Looking at the source code:

if __name__ == "__main__":
    with open("flag.txt") as fd:
        flag = fd.read()
    flag_size = len(flag)

    key=KEY
    insertion_range = flag_size//BLOCK_SIZE
    insertion_position = random.randrange(insertion_range)*BLOCK_SIZE
    mod_flag = flag[:insertion_position] + "send_modflag_enc" + flag[insertion_position:]

    aescipher = AESCipher(key)
    enc_mod_flag = aescipher.encrypt_wrapper(mod_flag, IV)
    sys.stdout.write(enc_mod_flag)
    sys.stdout.write('\n')
    sys.stdout.flush()
    next_level = False

    for i in range(insertion_range):
        sys.stdout.write("What do you want me to do?\n")
        sys.stdout.flush()
        enc_recv_str = raw_input()
        dec_recv_str = aescipher.decrypt_wrapper(enc_recv_str)
        if "get_modflag_md5" in dec_recv_str:
            next_level = True
            sys.stdout.write("Dungeon goes deeper..\n")
            sys.stdout.flush()
            break
        else:
            sys.stdout.write("I am gonna ask again!\n")
            sys.stdout.flush()

    if next_level:
        len_enc_mod_flag = len(enc_mod_flag)
        inp_size_limit = int(len_enc_mod_flag*4/3) + 50
        for i in xrange(500):
            enc_recv_str = raw_input()
            if len(enc_recv_str) > inp_size_limit:
                continue
            dec_recv_str = aescipher.decrypt_wrapper(enc_strrecv_str)
            sys.stdout.write(b64encode(md5(dec_recv_str).digest()))
            sys.stdout.write("\n")
            sys.stdout.flush()

The Vulnerability

There are two levels in the challenge each level involving the following attacks:

1. CBC Bit Flipping Attack
2. Byte by Byte decryption due to vulnerable unpadding

Let us have a look at the first level:

1. The program encrypts mod_flag = flag[:insertion_position] +  “send_modflag_enc” + flag[insertion_position:] using AES in CBC mode.
2. insertion_position is generated using a pseudo-random number generator, with its limits being from 0 to flag_size*16. Small enough to be brute-forced.

To pass level-1, our motive as an attacker, is to flip “send_modflag_enc” to “get_modflag_md5\x01”, given the ciphertext of mod_flag.
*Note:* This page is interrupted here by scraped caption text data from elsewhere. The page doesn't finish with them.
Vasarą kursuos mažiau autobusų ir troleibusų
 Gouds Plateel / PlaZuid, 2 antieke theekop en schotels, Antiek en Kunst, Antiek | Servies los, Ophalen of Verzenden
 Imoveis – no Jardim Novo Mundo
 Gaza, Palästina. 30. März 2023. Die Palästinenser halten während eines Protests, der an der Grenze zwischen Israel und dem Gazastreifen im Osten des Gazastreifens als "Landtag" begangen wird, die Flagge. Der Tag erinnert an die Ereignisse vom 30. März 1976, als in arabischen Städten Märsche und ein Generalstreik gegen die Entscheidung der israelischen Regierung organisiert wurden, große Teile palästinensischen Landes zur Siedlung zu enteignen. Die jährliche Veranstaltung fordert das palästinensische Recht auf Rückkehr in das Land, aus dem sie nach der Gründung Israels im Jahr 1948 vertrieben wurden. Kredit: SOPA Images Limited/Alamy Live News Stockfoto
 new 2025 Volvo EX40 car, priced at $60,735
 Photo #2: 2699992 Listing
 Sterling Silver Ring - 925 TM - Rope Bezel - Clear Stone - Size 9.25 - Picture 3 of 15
The server allows decryption of ciphertext. We can do this using CBC Bit Flipping attack, about which you can read here: https://masterpessimistaa.wordpress.com/2017/05/03/cbc-bit-flipping-attack/

This is how decryption takes place in CBC mode:

To pass level-1 we brute-force the program until insertion_position becomes zero, so that “send_modflag_enc” comes in the first block of ciphertext and we can then flip it easily as we are in control of the Initialisation Vector. We know can do this by changing IV to:

IV1 = IV xor “send_modflag_enc” xor “get_modflag_md5\x01”

So that the resultant first block of plaintext becomes:

plaintext[:16] = D(ciphertext[:16]) xor IV1 –> D is the decryption function

plaintext[:16] = (D(ciphertext[:16]) xor IV) xor “send_modflag_enc” xor “get_modflag_md5\x01”

plaintext[:16] = “send_modflag_enc” xor “send_modflag_enc” xor “get_modflag_md5\x01”

plaintext[:16] = “get_modflag_md5\x01”

Code snippet implementing the brute force first and then Bit Flipping Attack on CBC mode:

while fl == 0:
	r = remote("chal1.swampctf.com","1460")
	ct = r.recvline()
	ct = ct.replace("\n","")
	ct = ct.decode("base64")

	r.recvline()

	init_vector = ct[:16]
	ciphertext = ct[16:]

	res = xor("get_modflag_md5\x00","send_modflag_enc")
	assert xor(res, "send_modflag_enc") == "get_modflag_md5\x00"

	# CBC Bit Flipping Attack
	iv = xor(xor("get_modflag_md5\x00","send_modflag_enc"), init_vector)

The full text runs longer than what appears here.